July 12, 2019 Reading Time: 4 minutes

In the last few years, there has been a relatively well-performing economy in the United States, but we have been met with the same message every time we open the news: a recession is coming, and soon.

There is always another reason as to why we are bound for a crash: the increasing deficit, inflation, the speculatively “high” market, GDP growth, you name it. Famed investor Peter Schiff, someone of whom I am personally a fan and whose podcast I listen to somewhat regularly, has been saying that a recession is “imminent” for many years now. 

Schiff is famous, among other reasons, for “predicting” the 2008 financial crisis (though if you predict something every single year, you are bound to be correct at some point. A broken clock is right twice a day, you know). But it is not just limited to him. There have been writings in the news for years about a seemingly uncountable number of reasons that a recession is coming. Some public figures have been predicting doom since the early 1970s.

In 2016, it was the oil prices. They were too low, and oil companies were not going to make enough money. On top of this, the economic slowdown was going to decrease demand for oil, further lowering prices, creating a vicious cycle that would destroy the oil industry. When the oil industry crashed, the economy would follow. 

Oh, and, of course, Donald Trump. The world was in “too fragile” of a state for an unpredictable man such as Donald Trump to enter office. He was going to put in the worst economic policies that were going to shake up the economy, and we were bound for an indeterminably long recession. Trump was going to be the one to pop the bubble. 

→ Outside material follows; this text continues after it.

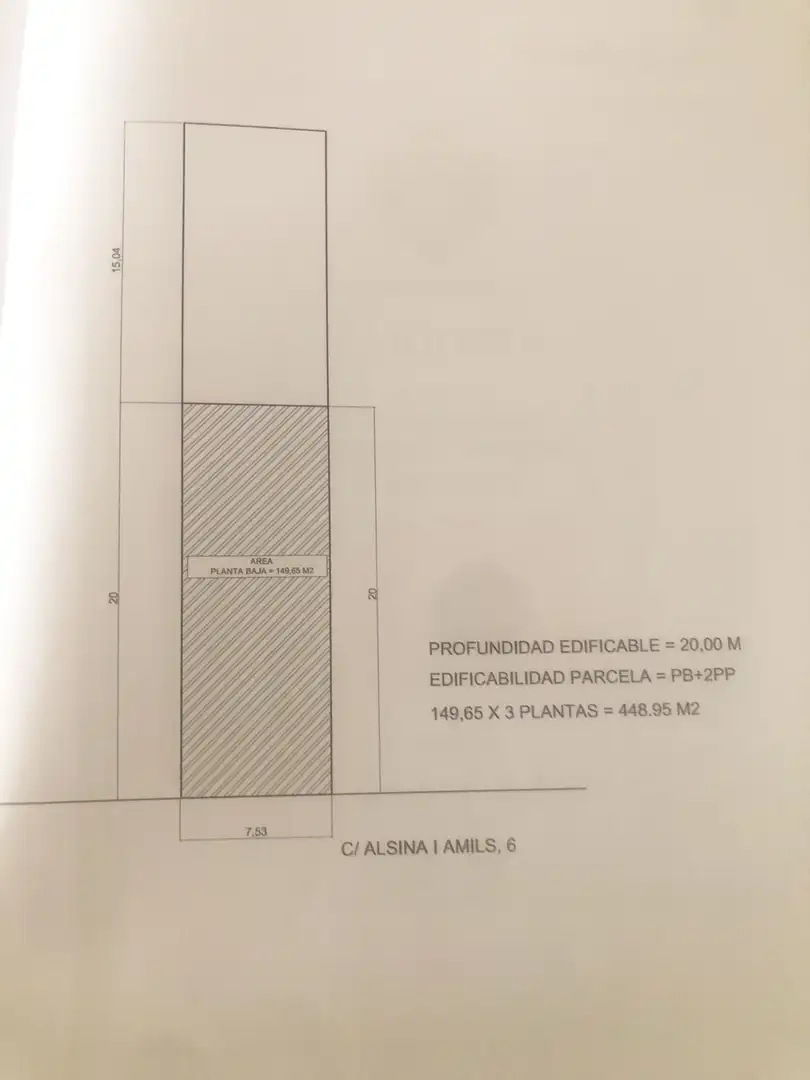 Commercial properties for sale in Tàrrega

In 2017, it was inflation and too little demand. Inflation needed to be higher, and the government needed to spend money to create more jobs. The economy had been too “mediocre” and needed stimulation, or else it was bound for recession. According to Schiff, it was still the oil-price decline, and interest rates were too low. Trump was still president. Retailers were laying off workers because Americans were in debt. Too much debt. Our trade deficit was high. Too high. Foreign markets were going to “beat the U.S. markets every year of the Trump presidency.” 

In 2018, interest rates were still not high enough, and the Fed would not have the opportunity to cut them should a recession ensue. They would “run out of bullets” too soon when Trump crashed the market, which would then be met with imminent failure. We had been expanding too long. The only thing that we could do was pray that Trump was out of office before something happened, because, of course, his very existence was going to cause a crash. 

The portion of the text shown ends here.